For evaluators, it means that they can log into one platform to find, review, and score relevant proposal documents at their convenience.
For bid administrators, it means that their inboxes are free from lengthy email chains, and their to-do lists are free of manual tasks like scorecard creation, distribution, and tabulation. With clear visibility into evaluators’ scoring progress and automatic score tabulation, bid administrators can focus on facilitating best value decisions, rather than managing administrivia.
Bid administrators’ time is best spent on the difficult task of understanding stakeholder needs and properly balancing scoring rubrics — not on manually copy-and-pasting scores or checking vendor submissions for completeness.
Sourcing software platforms allow procurement teams to set custom weighted criteria, collect structured vendor responses, and automatically collect and tabulate scores, saving administrative labour at each step.
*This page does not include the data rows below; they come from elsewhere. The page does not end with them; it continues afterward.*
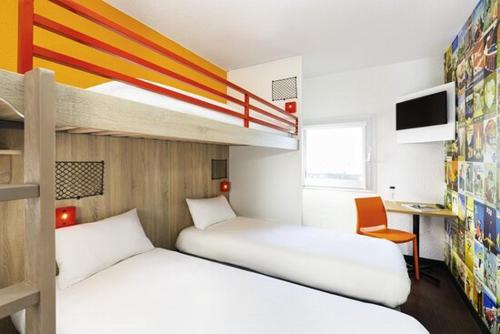 奥尔日河畔埃皮奈hotelF1 Epinay sur Orge的一间卧室配有两张双层床和一张书桌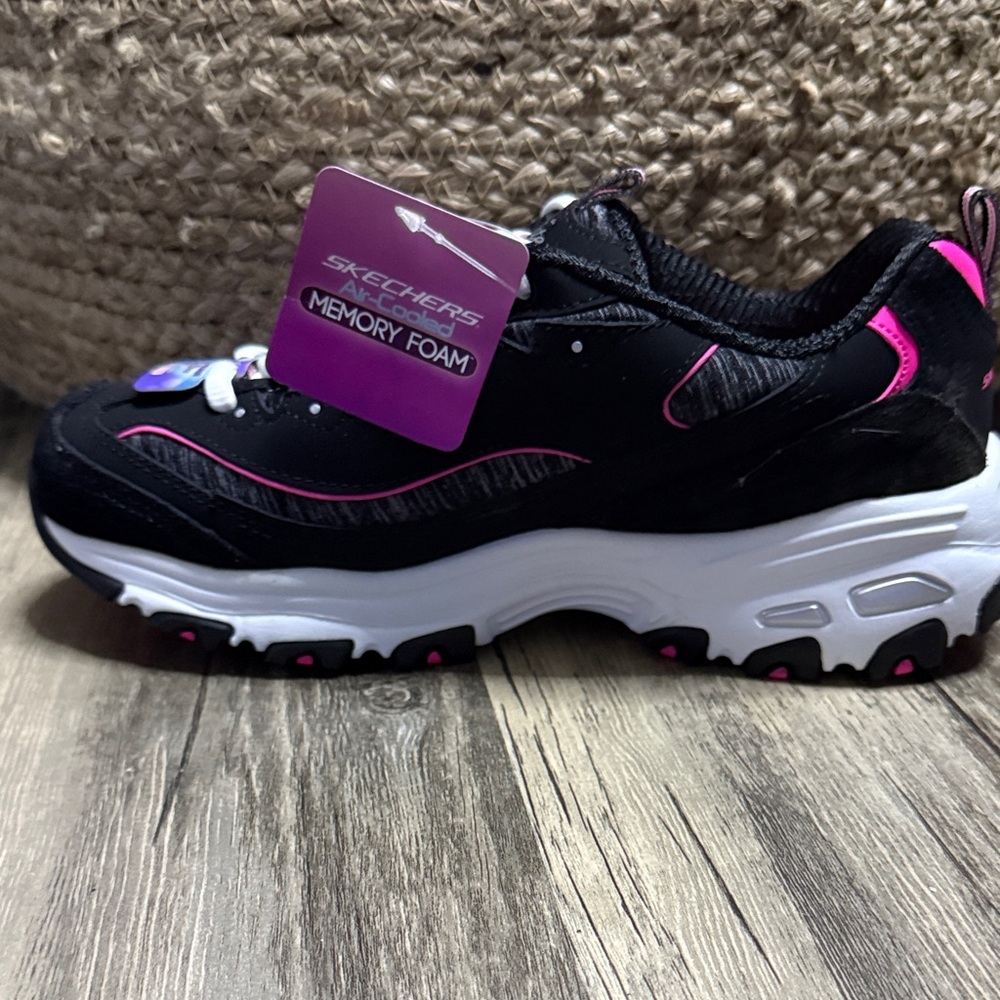 Skechers D’Lites ME TIME, Black and Pink, 7 Wide Fit, NWT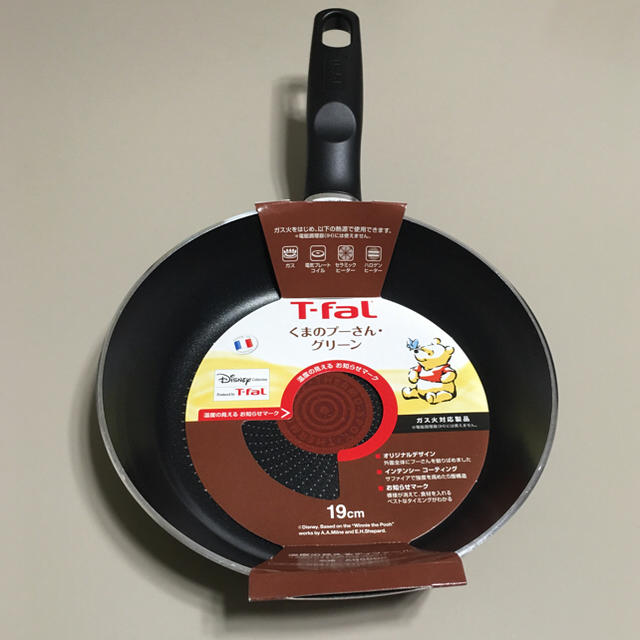 T-fal(ティファール)の☆未使用品☆ プーさんのティファール 19cm ガス火対応 インテリア/住まい/日用品のキッチン/食器(鍋/フライパン)の商品写真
Evaluation tools automatically format large amounts of information, attributes, and specifications side-by-side for ease of comparison and scoring, so decisions are made with all the necessary information at hand.
In a 2016 survey across Council of Academic Hospitals of Ontario (CAHO) members, 76 percent of respondents reported policies, directives, and procurement regulations as “major hurdles” to adopting innovation within their companies.
Sourcing platforms can’t change the laws that procurement teams must adhere to, but they can support procurement teams’ efforts by providing customizable built-in controls throughout the process. For example, online Conflict of Interest form collection makes it easy to ensure evaluators’ impartiality before they are granted access to proposal documents. Sourcing platforms also provide centralized digital records of every step in the decision to protect the organization from legal challenge and make it easy to respond to vendor debriefs.
Procurement teams have an unprecedented opportunity to provide value to their organizations through leading practices such as best value procurement. Sourcing software makes it easier to manage the evaluation of healthcare bids and RFPs.